Ein weiteres Beispiel ist das Projekt USER (Umsetzung eines Sektorenübergreifenden Entlassungsmanagements mit Routinedaten), das unter der Ägide des AQUA-Instituts läuft. Teilnehmer sind neben den Knappschaft Kliniken und der Knappschaft Bahn See das deutsche Krankenhaus-Institut sowie der BKK-Dachverband. Dieses Projekt hält Holthusen für besonders vielversprechend, um es in die Regelversorgung zu bekommen. Bei USER geht es darum, aus den Routinedaten der Krankenkassen (Vorerkrankungen, Medikamente, andere Krankenhausaufenthalte usw.) bei der stationären Aufnahme eines Patienten einen Score herausgeben, der einen möglicherweise erhöhten poststationären Versorgungsbedarf anzeigt, sodass frühzeitig ein intensiveres Entlassmanagement angegangen werden kann. Der Score stammt aus einem früheren AQUA-Projekte, EMSE – dabei ging es um die Entwicklung von Methoden zur Nutzung von Routinedaten zum Entlassmanagement. USER wurde durch Corona verzögert, daher wird erst jetzt mit der Evaluierung begonnen. „Das Ganze hängt an der elektronischen Behandlungsinformation. Besonders gut finde ich, dass man die verordneten Arzneimittel, zurückliegende Erkrankungen, Namen und Kontaktdaten der behandelnden Ärzte sowie frühere Krankenhausaufenthalte der letzten zwei Jahre bereits mit der Aufnahme des Patient erfährt“, so Holthusen.

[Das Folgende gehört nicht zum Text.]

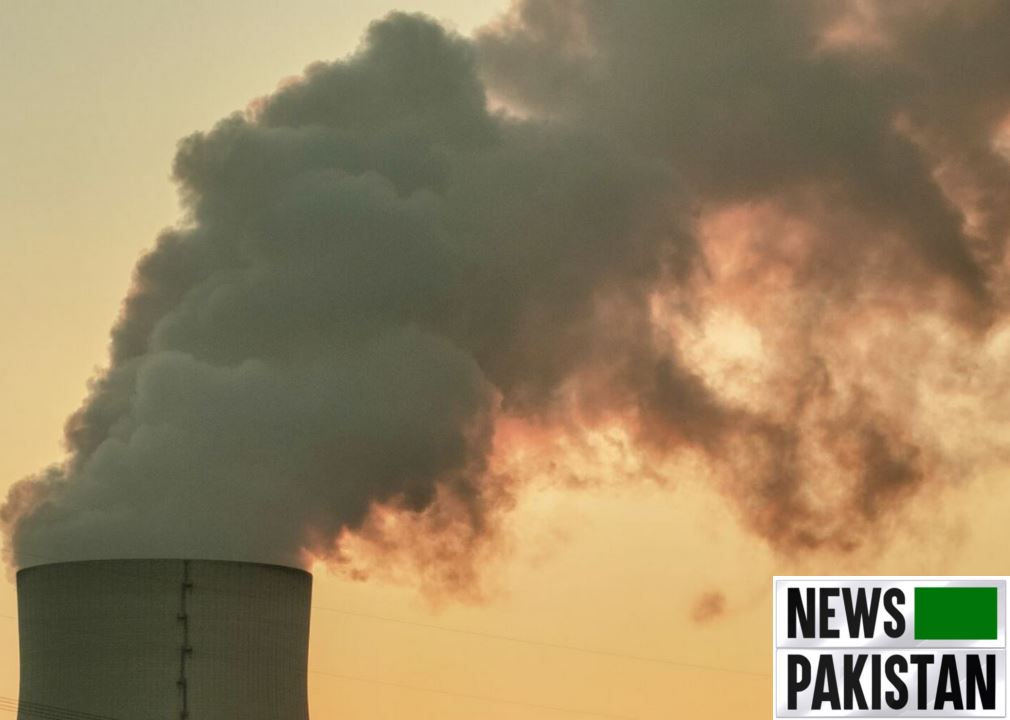 Read more about the article PDMA bans all smog-causing activities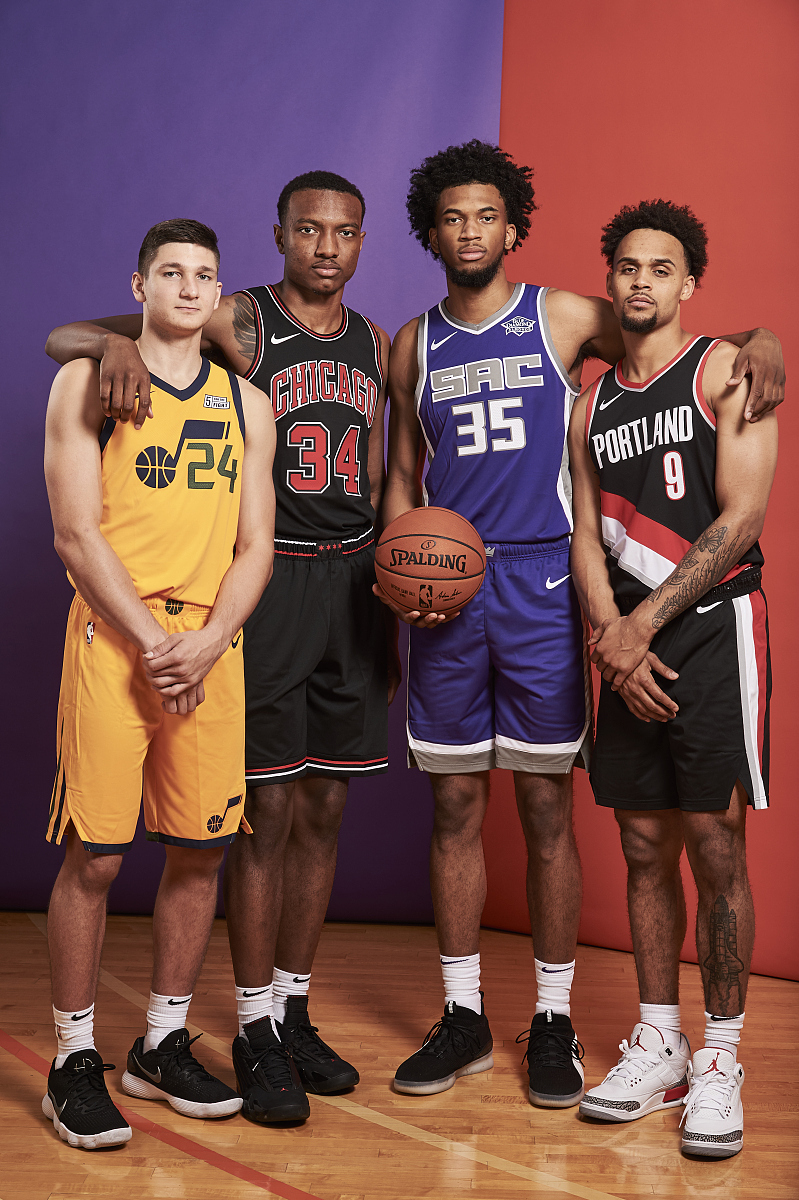 黑白直播-博尔多在主场拿下胜利，球员表现出色的简单介绍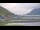 Webcam in Skarsvåg, 38.3 mi away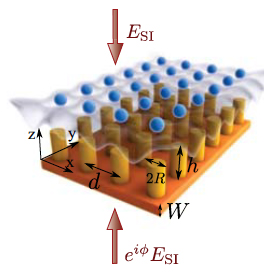 vacuum_lattice.jpg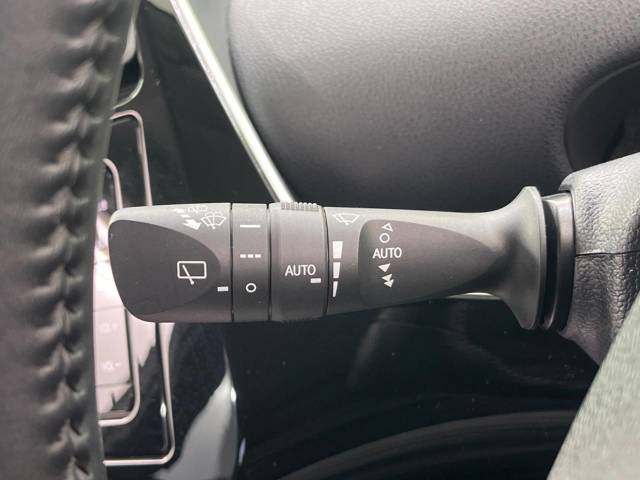 トヨタ プリウス Ａ 6.1万Km 149.9万円(富山県)[589]の中古車詳細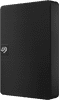 Seagate Expansion Portable 5 TB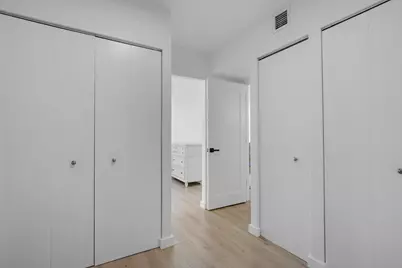3701 N Country Club Drive #404, Aventura, FL 33180 - Photo 20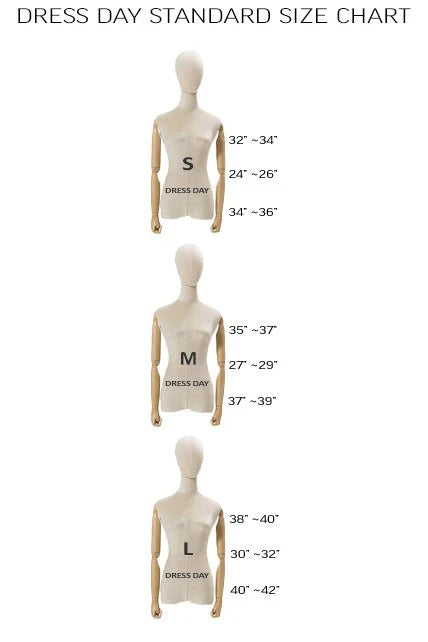 SET DE PANTALON CORTO Y CAMISA DE BOTONES AZUL Y ROJO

Ein anderes spannendes Projekt heißt ADAPI (Automatisierte Dokumentation des Arzt-Patienten. Dialogs) und wird in Zusammenarbeit mit der Firma Lang.tech und dem Franhofer Institut durchgeführt. Hier trägt der Arzt während des Patientengesprächs ein Mikrofon. Eine Spracherkennungssoftware filtert relevante Passagen heraus und überträgt diese automatisch in das KIS-System. Das System erkennt etwa Terminvereinbarungen, erstellt Briefe und trägt auf einer Plattform eine Nachricht an den weiterbehandelnden Arzt ein. Von solchen Lösungen verspricht sich Holthusen eine deutliche Verbesserung der Arbeitsprozesse im Krankenhaus.